Philosophy at UNESCO: Past and Present

Since its creation, UNESCO had used philosophy to implement the ideals that inspired its Constitution. These ideals come from the renewal of philosophical tradition.

In 1942, when the outcome of World War II was by no means certain, the allied Ministers for Education got together to found an organization that, through moral and intellectual means, would help build a world free from hatred, fanaticism and obscurantism.

During the new Organization’s first conference (London, 1945), Leon Blum, its Vice-President, pointed out that this war had essentially been “ideological” and had shown how education, culture and science could be used against mankind’s common interests. It was no longer enough to develop and improve them: they needed to be in the spirit of “ideology”, democracy and progress, which are the logical conditions and psychological bases for international peace and solidarity.

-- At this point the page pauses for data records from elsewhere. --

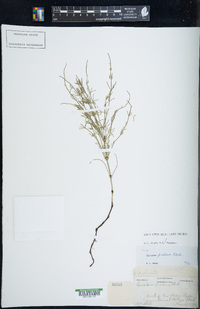 Equisetum pratense image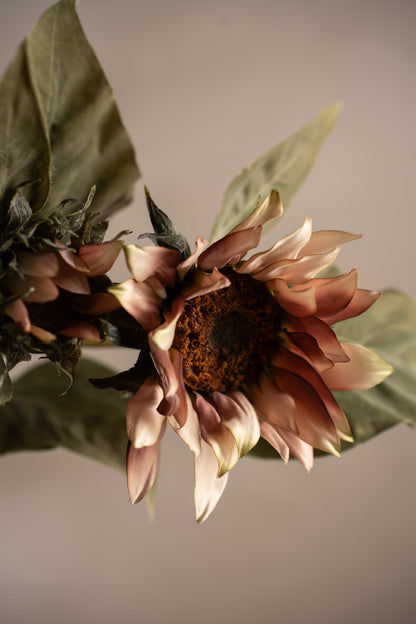 Solsikke rosa 74 cm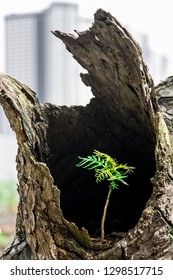 The Sprout Of A Young Green Tree In An Empty Old Stump On The Ba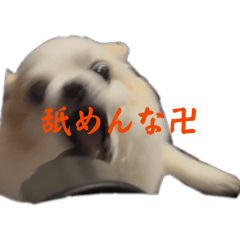 Rei_20260521022315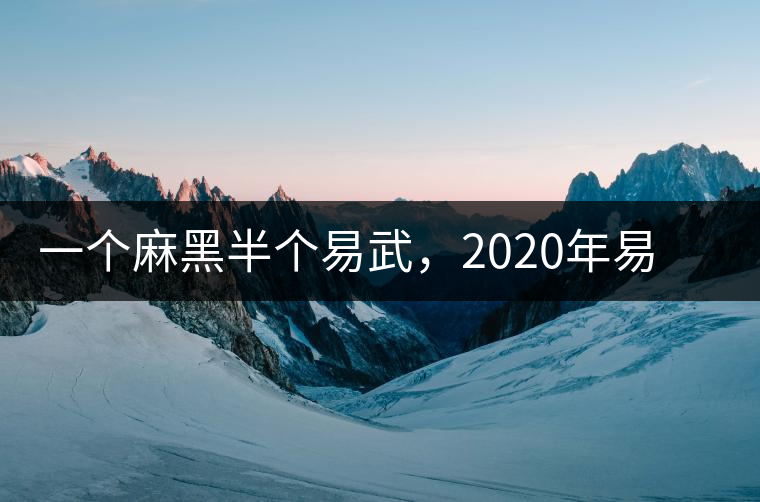 一個麻黑半個易武，2020年易武麻黑古樹春茶介紹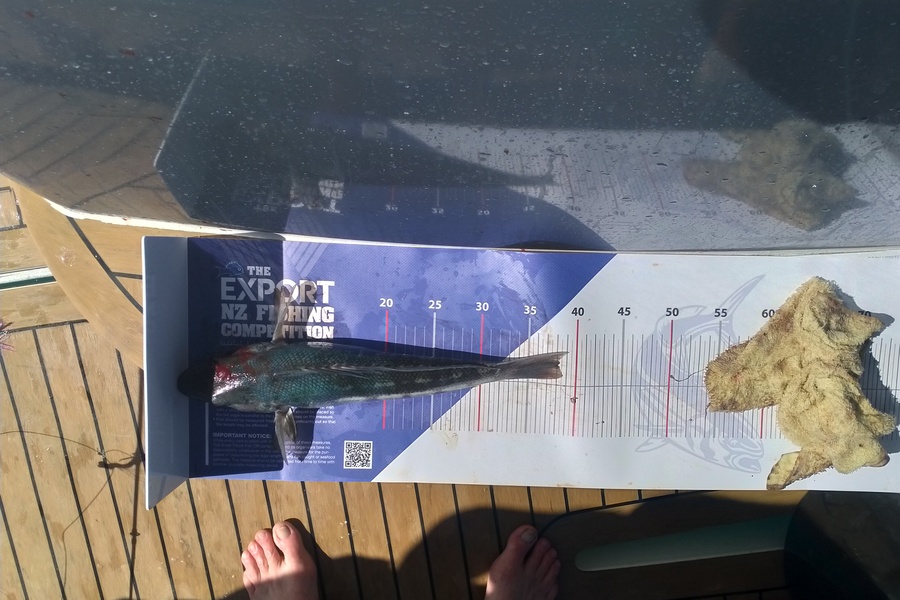 Murray  Gate  caught this 38.0cm Blue Cod at French Pass Nelson  during The Export NZ Fishing Competition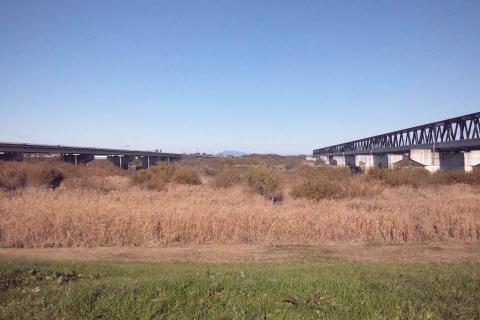 左が常磐高速、正面が筑波山、右がTX。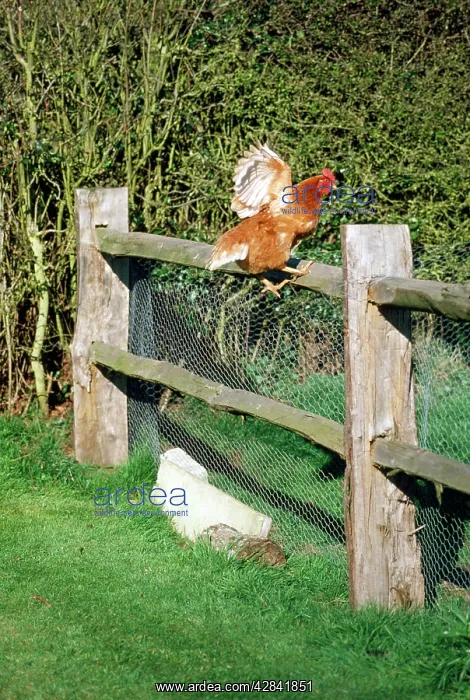  : HEN - jumping over fence with wings out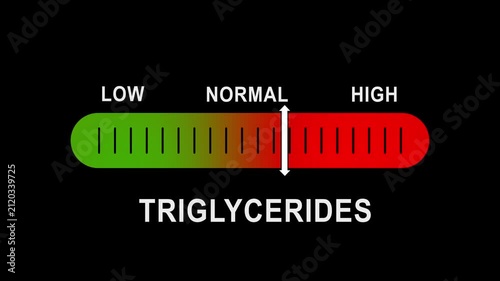 Triglycerides level indicator gauge animation: low, normal, and health monitoring scale cholesterol medical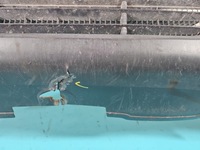 фото thumb №9, Бампер перед peugeot expert i 95-04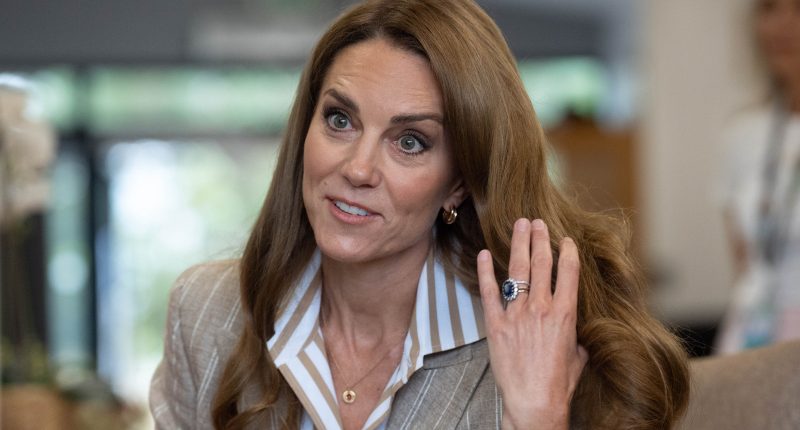 Kate Middleton Accidentally Flaunts A More Natural Hair Look After Royal Outing Goes Awry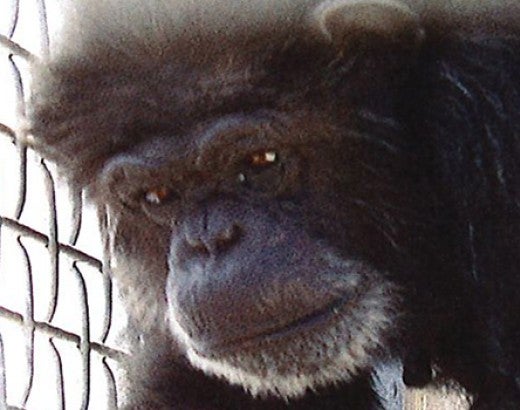 Montessa is a chimpanzee that currently resides at the Alamogordo Primate Facility in New Mexico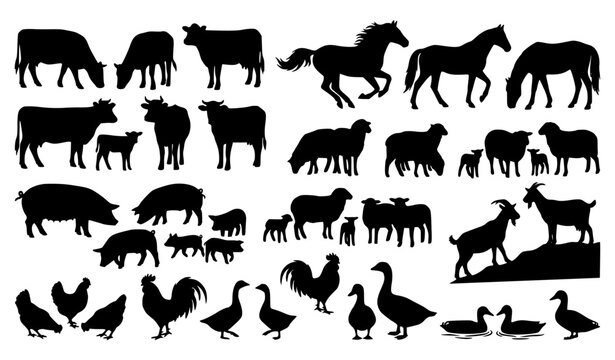 Farm animal silhouette vector collection with pigs cows horses sheep ducks and agricultural livestock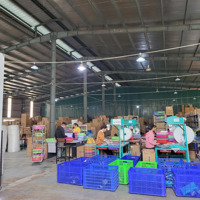 Cho Thuê 5.000 M2 Kho Xưởng Zamil Tiêu Chuẩn Trong Kcn Hà Bình Phương, Thường Tín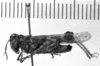 CollectionObject 1530624; 8e40cc33-ce51-4cda-9ab6-5ca8deed4c53: Image Carbonell, C.S. male, lateral view (syntype of Oedipoda placida). (CollectionObject).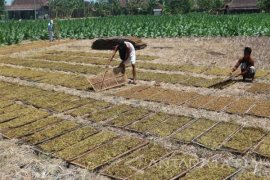 Pedagang Luar Daerah Lakukan Pembelian Tembakau Bojonegoro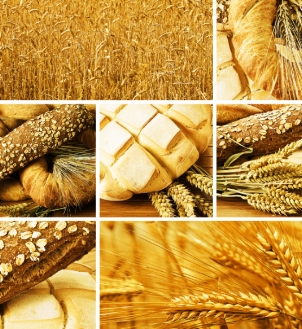 Grains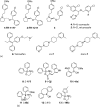 Figure 13.5. Chemical structures of known TRPV6 inhibitors: (a) heterocyclic compounds and (b) 2-APB analogs.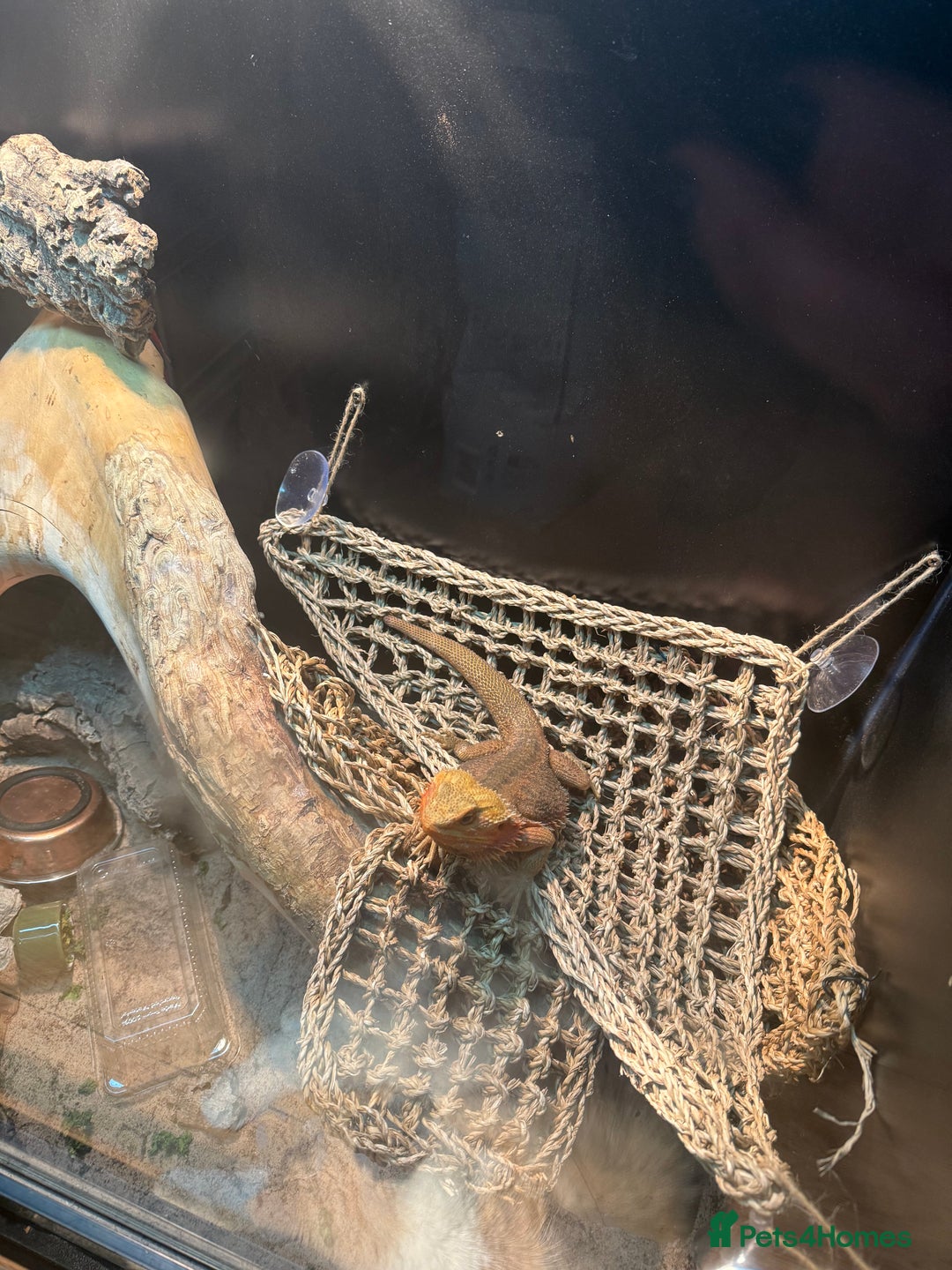 Bearded Dragon reptiles for sale: Bearded dragon & tank  - Advert 6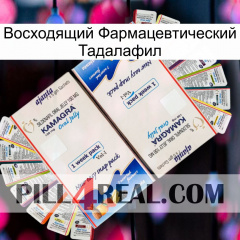 Восходящий Фармацевтический Тадалафил kamagra1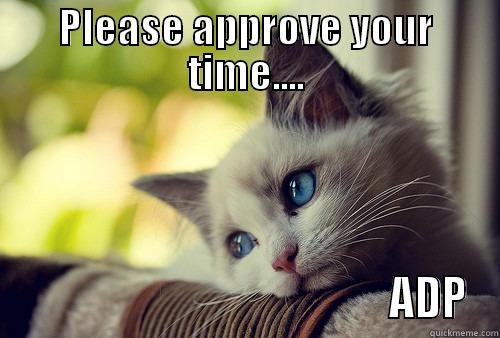 PLEASE APPROVE YOUR TIME....                                             ADP First World Problems Cat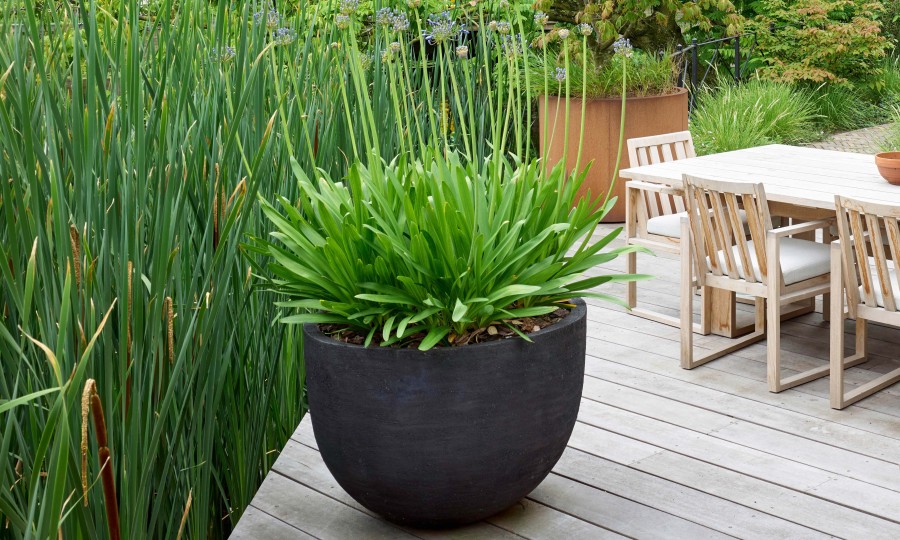 Van Haneghem Domani 20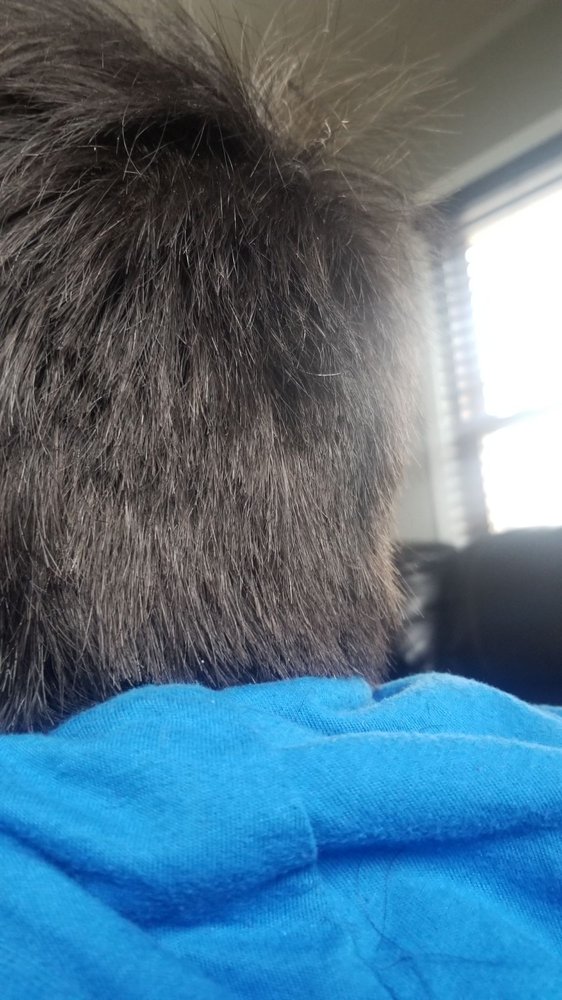 COST CUTTERS Updated September 2024 928 S Main St, Fond Du Lac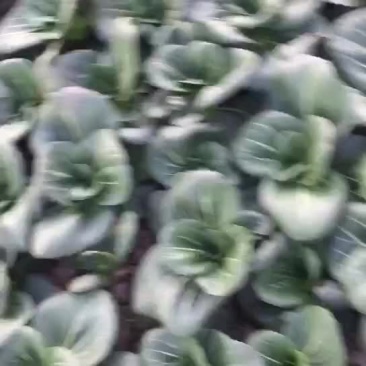 精品苏州青，矮脚黑油菜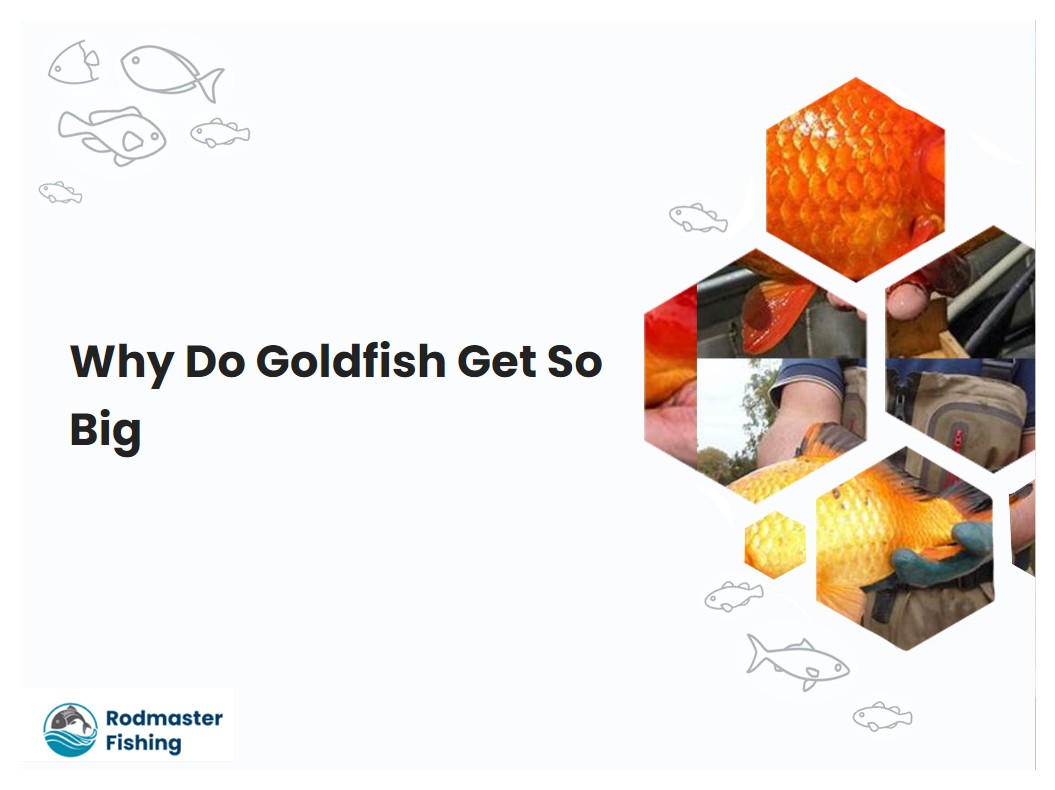 Why Do Goldfish Get So Big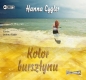 Kolor bursztynu - Hanna Cygler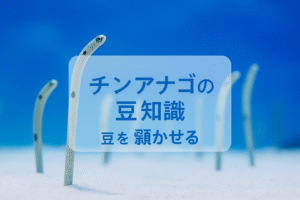 チンアナゴの豆知識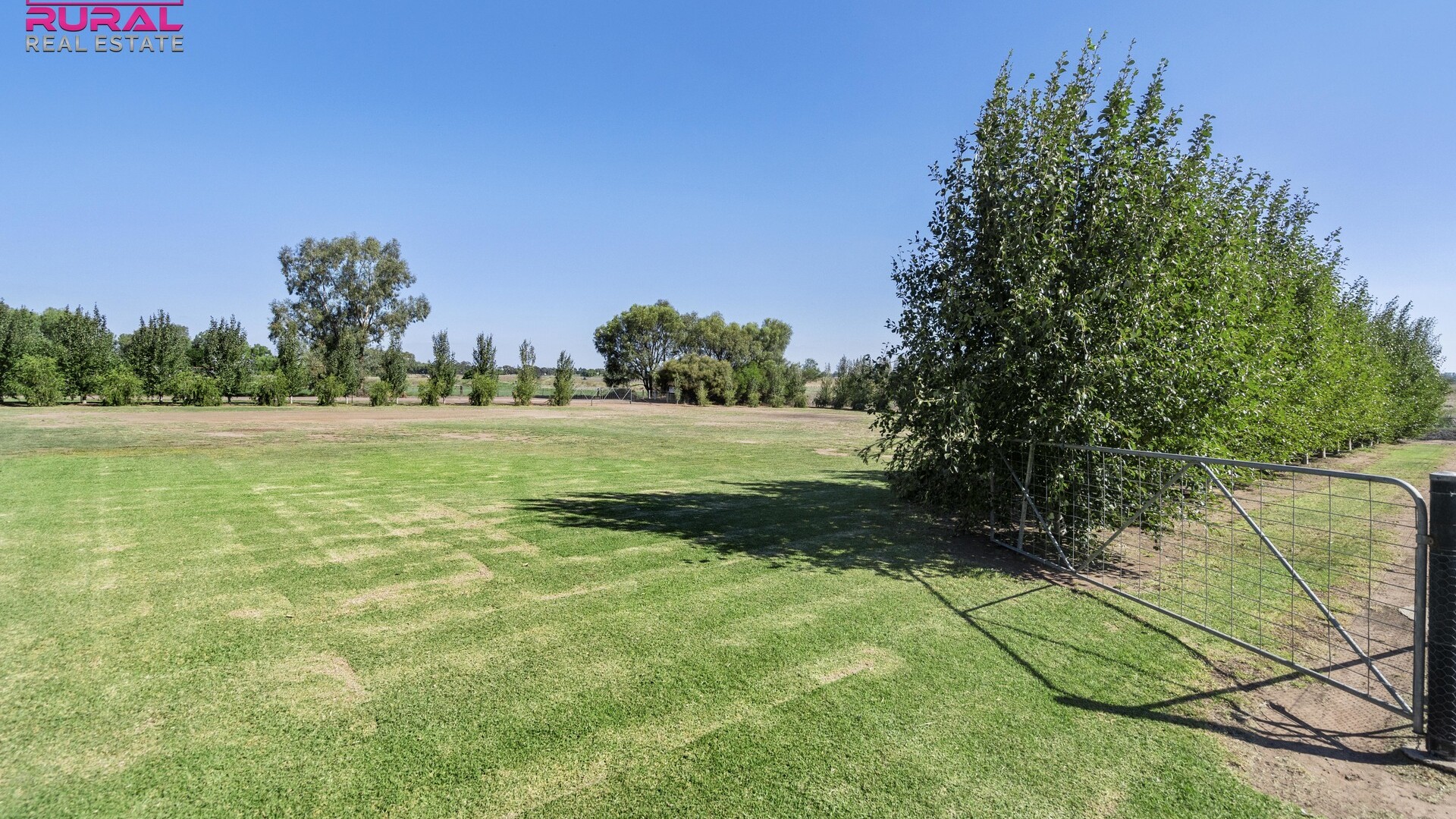 568 Hooey Road, Leeton NSW 2705 - photo 11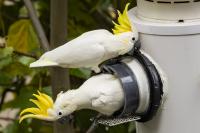 Artificial nests give Hong Kong’s cockatoos a home – and a chance to study their behavior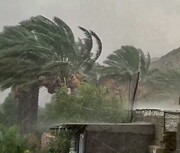 تصاویر بارش عجیب باران در بوشهر | صدای رعد و برق را بشنوید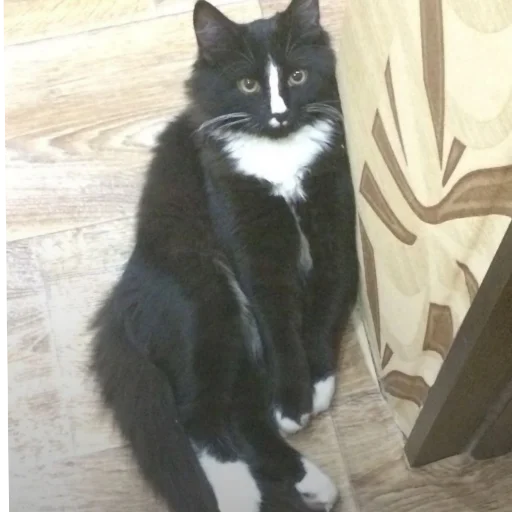 животное кошки малого и среднего размера млекопитающее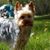 Jim Goodrow's profile image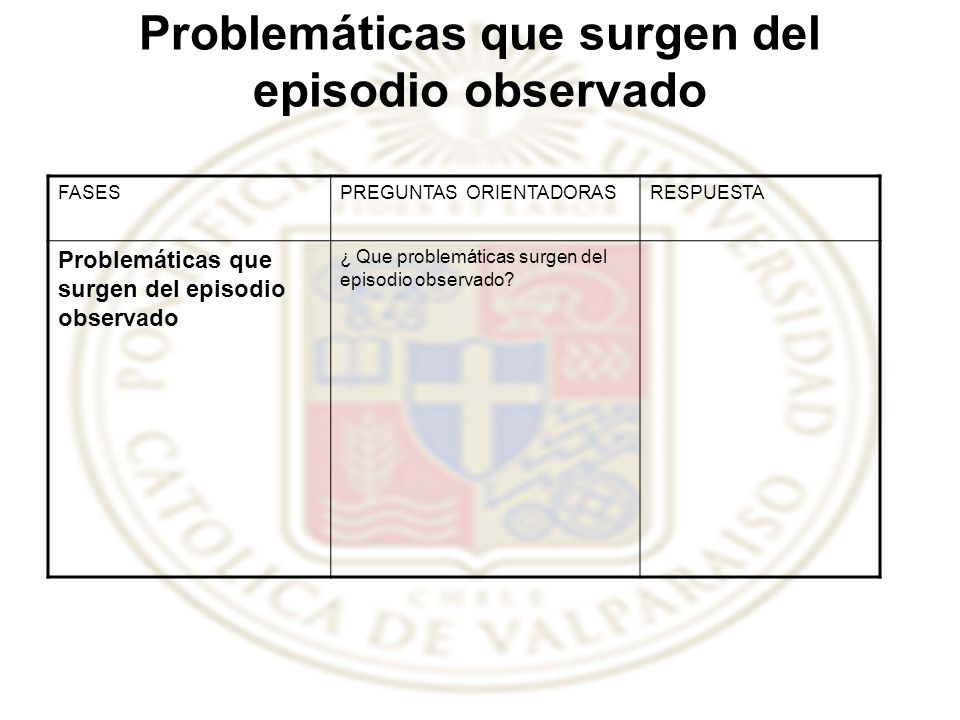 Problemáticas que surgen del episodio observado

The Preamble of UNESCO’s Constitution, which was adopted on 16 November 1945, reasserts that it was “a war made possible by the denial of the democratic principles of the dignity, equality and mutual respect of men” but blamed ignorance and prejudice for the conflict, and not the decline of education, culture and science.

So, how should the first clause of the Preamble, “since wars begin in the minds of men, it is in the minds of men that the defenses of peace must be constructed”, be understood? To achieve this, it is necessary to develop contacts and exchanges so that mutual knowledge and understanding can progress and open the way for the moral and intellectual solidarity of the human race, which is the only way to ensure lasting and real peace.

This may be where the utopian spirit that inspired the founders of UNESCO is to be found.

A moral and political task

The state of philosophy required effective action from UNESCO. The war had interrupted contacts between philosophers of different countries, universities and their students were facing the void, and publications had stopped circulating.

But, above all, philosophical concepts had been hijacked and appropriated for propaganda purposes by the totalitarian states; and, even in the democratic nations, the principles of human dignity had been pushed into the background, supplanted by the need for efficiency.

As a result, UNESCO tried to spread, implement, and even popularize an international philosophical culture, which was meant to reinforce respect for the human person, love of peace, hatred of narrow-minded nationalism and of the reign of strength, solidarity and commitment to an ideal of culture.

UNESCO decided to make the values of its moral and political philosophy available to everyone, but also to encourage the progress of philosophical studies themselves. Its two main goals are therefore:

  • To set up international instruments to help the progress of philosophical studies
  • To make philosophy work for the international education of nations

The founders of UNESCO did not limit philosophy to the speculative field of pure metaphysics, normative and theoretical ethics and individual psychology, but saw it as reaching out to the borders not only of human knowledge but also of all human activity.

Its scope is therefore similar to that of UNESCO. As a result, UNESCO’s action is to:

  • Encourage international philosophical studies by supporting, stimulating and coordinating the activities of philosophical associations, universities and publishers, by provoking or encouraging meetings between philosophers from different countries, by establishing direct contacts between philosophers, by publishing or encouraging international publications (bibliographies, files, manuscripts, translations, magazines, Index Translationum, glossaries of equivalent terms), by encouraging international exchanges of professors and students, and finally by partly internationalizing universities and by specializing them in a specific branch of philosophy.
  • Ensure that philosophy plays a role in the awakening of public opinion by going deeper into the concepts that are at the root of human rights – especially the rights of the individual in the modern world – by examining the present state of civilization and the uncertainties of modern conscience, and of course the possible solutions, by disseminating publications on these topics and by taking part in the training of primary school teachers.

Patrice Vermeren’s book, La philosophie saisie par l’UNESCO, traces a complete history of philosophy at UNESCO.